Re: [RFC] Speed up "git status" by caching untracked file info

Duy Nguyen <pclouds@xxxxxxxxx> · Wed, 23 Apr 2014 07:52:46 +0700

On Wed, Apr 23, 2014 at 1:56 AM, Karsten Blees <karsten.blees@xxxxxxxxx> wrote:
> Am 22.04.2014 12:35, schrieb Duy Nguyen:
>> On Tue, Apr 22, 2014 at 5:13 PM, Duy Nguyen <pclouds@xxxxxxxxx> wrote:
>>>> IIRC name_hash.c::lazy_init_name_hash took ~100ms on my system, so hopefully you did a dummy 'cache_name_exists("anything")' before starting the measurement of the first run?
>>>
>>> No I didn't. Thanks for pointing it out. I'll see if I can reduce its time.
>>
>> Well name-hash is only used when core.ignorecase is set. So it's
>> optional.
>
> This is only true for the case-insensitive directory hash. The file hash ('cache_file_exists') is always used to skip expensive excluded checks for tracked files.
>
> 'cache_file_exists' basically treats faster lookups for higher setup costs, which makes perfect sense when scanning the entire work tree. However, if most of the directory info is cached and just a few directories need refresh (and core.ignorecase=false), binary search ('cache_name_pos') may be better. The difficulty is to decide when to choose one over the other :-)

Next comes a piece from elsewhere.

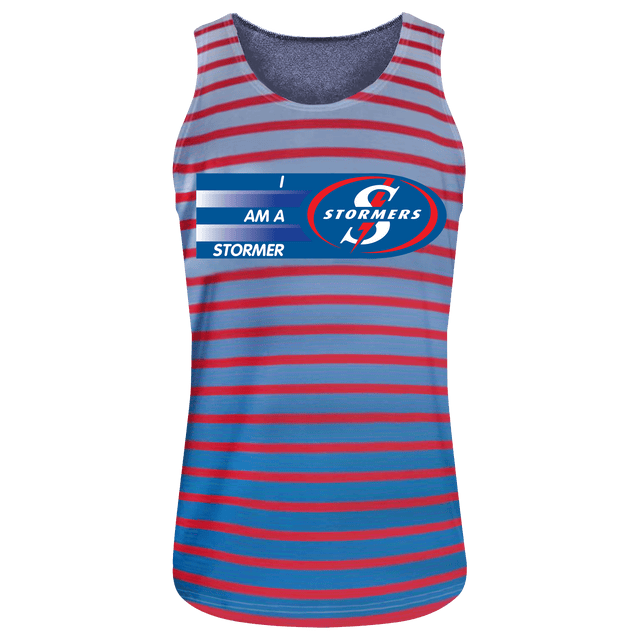 A women's Stormers Rugby Fan Singlet with blue and red stripes.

Right. The problem is even if untracked cache is used, we don't know
in advance how cache_file_exists calls we need to make. If .gitignore
changes, we could see how many directories are invalidated recursively
and that could be an indicator for favoring cache_file_exists over
cache_name_pos. It's harder when dir mtime changes, I suppose we could
be optimistic and stick to cache_name_pos until the number of calls
gets over a limit and turn to cache_file_exists. May backfire though..

>
>> Maybe we could save it in a separate index extension, but we
>> need to verify that the reader uses the same hash function as the
>> writer.
>>
>>>> Similarly, the '--directory' option controls early returns from the directory scan (via read_directory_recursive's check_only argument), so you won't be able to get a full untracked files listing if the cache was recorded with '--directory'. Additionally, '--directory' aggregates the state at the topmost untracked directory, so that directory's cached state depends on all sub-directories as well...
>>>
>>> I missed this. We could ignore check_only if caching is enabled, but
>>> that does not sound really good. Let me think about it more..
>>
>> We could save "check_only" to the cache as well. This way we don't
>> have to disable the check_only trick completely.
>>
>> So we process a directory with check_only set, find one untracked
>> entry and stop short. We store check_only value and the status ("found
>> something") in addition to dir mtime. Next time we check the dir's
>> mtime. If it matches and is called with check_only set, we know there
>> is at least one untracked entry, that's enough to stop r_d_r and
>> return early. If dir mtime does not match, or r_d_r is called without
>> check_only, we ignore the cached data and fall back to opendir.
>>
>> Sounds good?
>>
>
> What about untracked files in sub-directories? E.g. you have untracked dirs a/b with untracked file a/b/c, so normal 'git status' would list 'a/' as untracked.
> Now, 'rm a/b/c' would update mtime of b, but not of a, so you'd still list 'a/' as untracked. Same thing for 'echo "c" >a/b/.gitignore'.
>
> Your solution could work if you additionally cache the directories that had to be scanned to find that first untracked file (but you probably had that in mind anyway).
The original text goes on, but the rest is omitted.